From the plot above, we can see that there are over 15% of transactions which exceeded 110 dollars. However, we can’t remove those transaction data as outliers, for every customer has multiple transactions over 110 dollars.

Insights Exploration

Average transaction amount

# Histogram
x <- transactionData$amount
h <- hist(x,breaks = 20, col = "grey",
          xlab = "Transaction amount (AUD$)",
          ylab = "The number of transactions")
xfit <- seq(min(x),max(x),length=40)
yfit <- dnorm(xfit, mean = mean(x), sd=sd(x))
yfit <- yfit*diff(h$mids[1:2])*length(x)
lines(xfit,yfit,col="orange",lwd=2)

# Main statistics
mean(x)
## [1] 187.9336
median(x)
## [1] 29
max(x)
## [1] 8835.98

The distribution of amount has a positive skew. Half of amount are less than 29 dollars; however, the mean of amount is 187.9336 dollars, which indicates the other half of amount is much larger than the half which are less than 29 dollars.

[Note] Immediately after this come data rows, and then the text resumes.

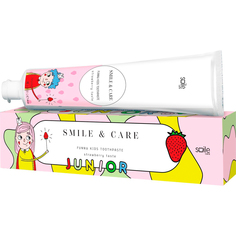 Детская зубная паста Smile Care Junior Клубника 30 мл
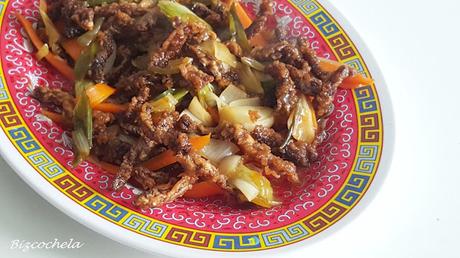 TERNERA CRUJIENTE AGRIPICANTE: CRISPY SHREDDED BEEF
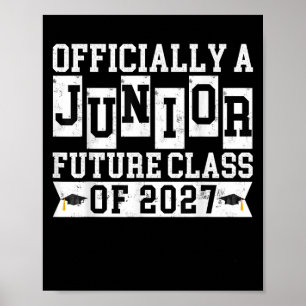 Offiziell Junior Future Cl of 2027 Senior Gradu Poster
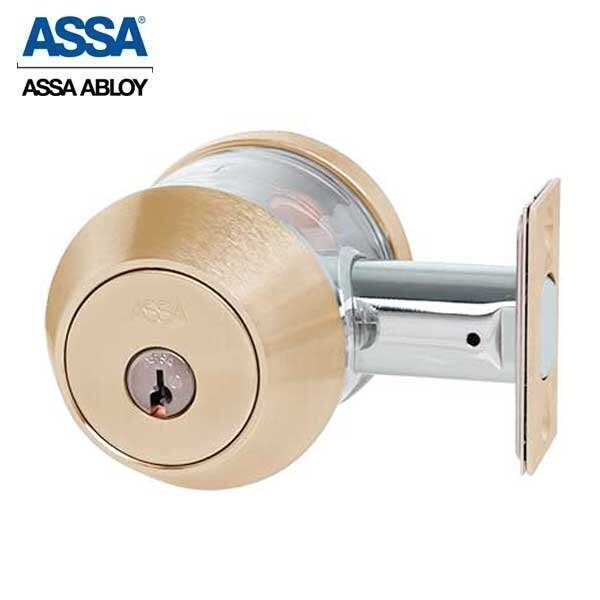 Assa Abloy 7000 Series Maximum+ Grade 1 Single Cylinder Deadbolt Satin Bronze KD - ASS-7900-612-3-F-COMP-KD-0A7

The average number of transactions per customer each month

### The average number of transaction per customer on Aug 2018
total_txn_n_Aug <- uniqueN(transactionData$transaction_id[transactionData$month == "Aug"])
total_cust_n_Aug <- uniqueN(transactionData$customer_id[transactionData$month == "Aug"])
(avg_txn_n_per_customer_Aug <- total_txn_n_Aug/total_cust_n_Aug)
## [1] 39.43
### The average number of transaction per customer on Sep 2018
total_txn_n_Sep <- uniqueN(transactionData$transaction_id[transactionData$month == "Sep"])
total_cust_n_Sep <- uniqueN(transactionData$customer_id[transactionData$month == "Sep"])
(avg_txn_n_per_customer_Sep <- total_txn_n_Sep/total_cust_n_Sep)
## [1] 40.13
### The average number of transaction per customer on Oct 2018
total_txn_n_Oct <- uniqueN(transactionData$transaction_id[transactionData$month == "Oct"])
total_cust_n_Oct <- uniqueN(transactionData$customer_id[transactionData$month == "Oct"])
(avg_txn_n_per_customer_Oct <- total_txn_n_Oct/total_cust_n_Oct)
## [1] 40.87

On average, every customer had about 40 transactions in each month. Now, let’s see whether we can find any interesting behaviours for different lengths of time.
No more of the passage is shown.